En 1858, O’Donnell lideró un gobierno relativamente estable que impulsó obras públicas, fomentó el desarrollo industrial y financiero, y llevó a España a participar en conflictos internacionales como la Guerra de Marruecos (1859-1860). Sin embargo, su dimisión en 1863 dejó un vacío que los moderados intentaron llenar sin éxito, lo que agravó la crisis del régimen.
Los últimos años del reinado de Isabel II estuvieron marcados por la represión política, la corrupción y el descontento social. En 1866, los progresistas, demócratas y republicanos firmaron el Pacto de Ostende, una alianza para derrocar a la monarquía. El descontento culminó en la Revolución de 1868, liderada por Prim, Serrano y el almirante Topete. El triunfo de los revolucionarios en la Batalla de Alcolea obligó a Isabel II a exiliarse, poniendo fin a su reinado y abriendo paso a la etapa del Sexenio Democrático (1868-1874).
El periodo de Isabel II dejó un legado de inestabilidad política, con un liberalismo incapaz de integrar las demandas sociales emergentes y un sistema político dominado por el autoritarismo y el militarismo.
El Sexenio Revolucionario (1868-1874): Constitución de 1869, Gobierno Provisional, Reinado de Amadeo de Saboya y Primera República
El **Sexenio Revolucionario** fue un periodo de transición que comenzó con la Revolución Gloriosa (1868), que derrocó a Isabel II, y finalizó con la restauración borbónica en Alfonso XII. La revolución, liderada por Topete, Prim y Serrano, y apoyada por las Juntas Revolucionarias, triunfó tras la Batalla de Alcolea, obligando a Isabel II a exiliarse.
Tras la revolución, un Gobierno Provisional encabezado por Serrano como Regente y Prim como Presidente convocó elecciones mediante sufragio universal masculino y promulgó la Constitución de 1869, la más democrática hasta entonces. Esta establecía una monarquía constitucional, soberanía nacional, sufragio universal masculino, derechos individuales, un Estado aconfesional y Cortes bicamerales.
En 1870, las Cortes eligieron como rey a Amadeo de Saboya.
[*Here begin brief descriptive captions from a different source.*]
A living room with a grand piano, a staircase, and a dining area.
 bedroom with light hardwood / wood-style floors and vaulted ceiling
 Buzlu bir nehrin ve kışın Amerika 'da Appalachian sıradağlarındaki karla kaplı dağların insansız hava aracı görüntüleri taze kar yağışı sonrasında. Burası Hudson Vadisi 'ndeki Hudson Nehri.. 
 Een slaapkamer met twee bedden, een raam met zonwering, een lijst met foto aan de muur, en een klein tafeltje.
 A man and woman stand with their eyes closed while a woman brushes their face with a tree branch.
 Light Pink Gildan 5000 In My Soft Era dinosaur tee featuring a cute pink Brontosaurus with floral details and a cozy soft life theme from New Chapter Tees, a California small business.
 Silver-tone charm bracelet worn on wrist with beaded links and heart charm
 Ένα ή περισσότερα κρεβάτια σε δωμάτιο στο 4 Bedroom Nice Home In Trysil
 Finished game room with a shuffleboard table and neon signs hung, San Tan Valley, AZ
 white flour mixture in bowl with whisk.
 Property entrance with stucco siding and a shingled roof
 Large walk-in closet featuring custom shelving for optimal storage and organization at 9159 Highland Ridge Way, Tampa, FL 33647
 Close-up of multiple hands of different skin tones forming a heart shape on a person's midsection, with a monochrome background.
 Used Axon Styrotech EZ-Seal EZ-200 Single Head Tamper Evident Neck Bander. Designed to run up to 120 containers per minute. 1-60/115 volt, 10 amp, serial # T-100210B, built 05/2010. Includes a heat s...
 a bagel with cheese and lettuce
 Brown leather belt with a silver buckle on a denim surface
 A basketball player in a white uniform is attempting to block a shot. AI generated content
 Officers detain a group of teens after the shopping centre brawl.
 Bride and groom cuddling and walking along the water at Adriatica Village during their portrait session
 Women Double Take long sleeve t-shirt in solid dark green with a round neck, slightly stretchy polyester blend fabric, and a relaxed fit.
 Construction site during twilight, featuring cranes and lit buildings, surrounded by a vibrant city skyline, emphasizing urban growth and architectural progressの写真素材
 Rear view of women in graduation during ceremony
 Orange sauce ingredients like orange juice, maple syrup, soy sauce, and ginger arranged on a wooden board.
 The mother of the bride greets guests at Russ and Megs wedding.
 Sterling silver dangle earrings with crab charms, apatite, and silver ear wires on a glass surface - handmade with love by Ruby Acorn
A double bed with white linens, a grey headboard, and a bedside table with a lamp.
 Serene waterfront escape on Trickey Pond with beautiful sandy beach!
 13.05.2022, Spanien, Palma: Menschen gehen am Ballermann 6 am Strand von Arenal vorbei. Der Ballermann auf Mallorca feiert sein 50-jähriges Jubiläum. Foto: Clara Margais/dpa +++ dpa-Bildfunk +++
Sin embargo, su reinado (1871-1873) fue inestable, enfrentándose a la oposición de la Iglesia, los carlistas (que iniciaron la Tercera Guerra Carlista), los alfonsinos, los republicanos y los independentistas cubanos. La división entre partidos progresistas debilitó aún más su gobierno, y tras el asesinato de Prim, Amadeo abdicó en 1873.
La **Primera República** (1873-1874) fue proclamada como solución temporal, pero estuvo marcada por inestabilidad y crisis. Cuatro presidentes se sucedieron:
- Figueras, quien convocó elecciones sin éxito.
- Pi y Margall, que propuso una constitución federal pero dimitió por los levantamientos cantonalistas.
- Salmerón, que sofocó estas insurrecciones pero renunció para evitar firmar penas de muerte.
- Castelar, quien gobernó autoritariamente para enfrentar los conflictos internos.
El 2 de enero de 1874, el golpe de Pavía disolvió las Cortes y estableció un gobierno provisional con Serrano, que allanó el camino para la restauración borbónica con Alfonso XII. El Sexenio mostró el anhelo democrático, pero también las profundas divisiones que impedían la estabilidad en España.